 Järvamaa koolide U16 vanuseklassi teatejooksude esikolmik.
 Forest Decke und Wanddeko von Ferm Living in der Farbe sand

• • • • •

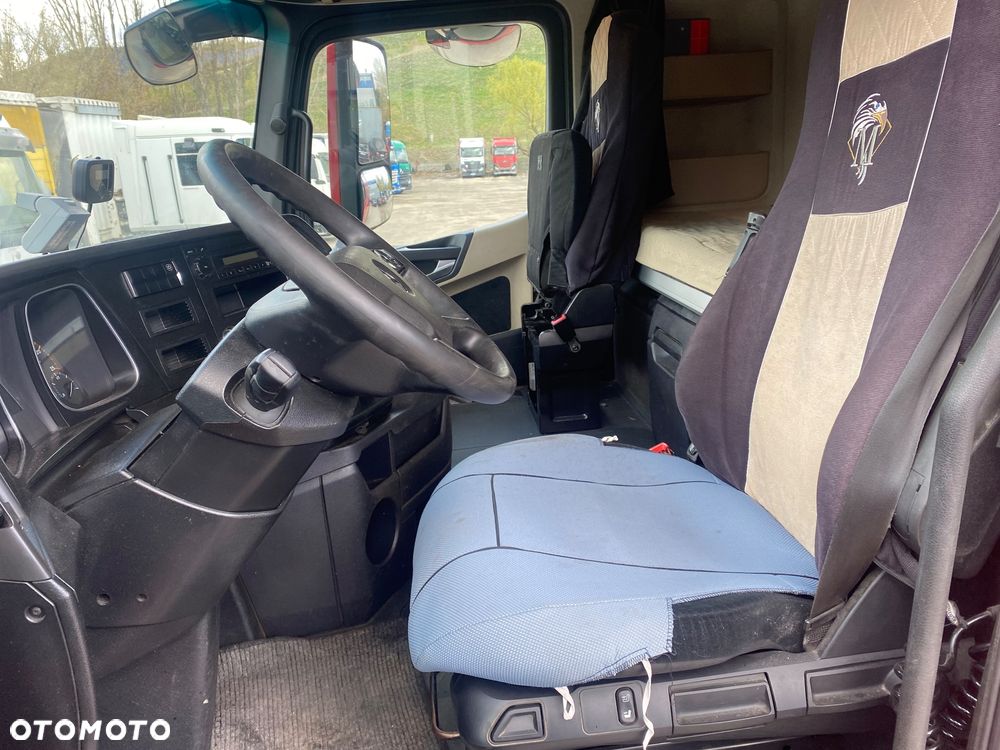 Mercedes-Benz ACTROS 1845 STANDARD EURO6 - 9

• • • • •

» YOUR TASK
Beginning with the line containing "Järvamaa koolide U16" and ending with the line containing "Forest Decke und", extract those lines exactly from the listing above, and only those.

» PROBLEM SOLUTION
 Järvamaa koolide U16 vanuseklassi teatejooksude esikolmik.
 Forest Decke und Wanddeko von Ferm Living in der Farbe sand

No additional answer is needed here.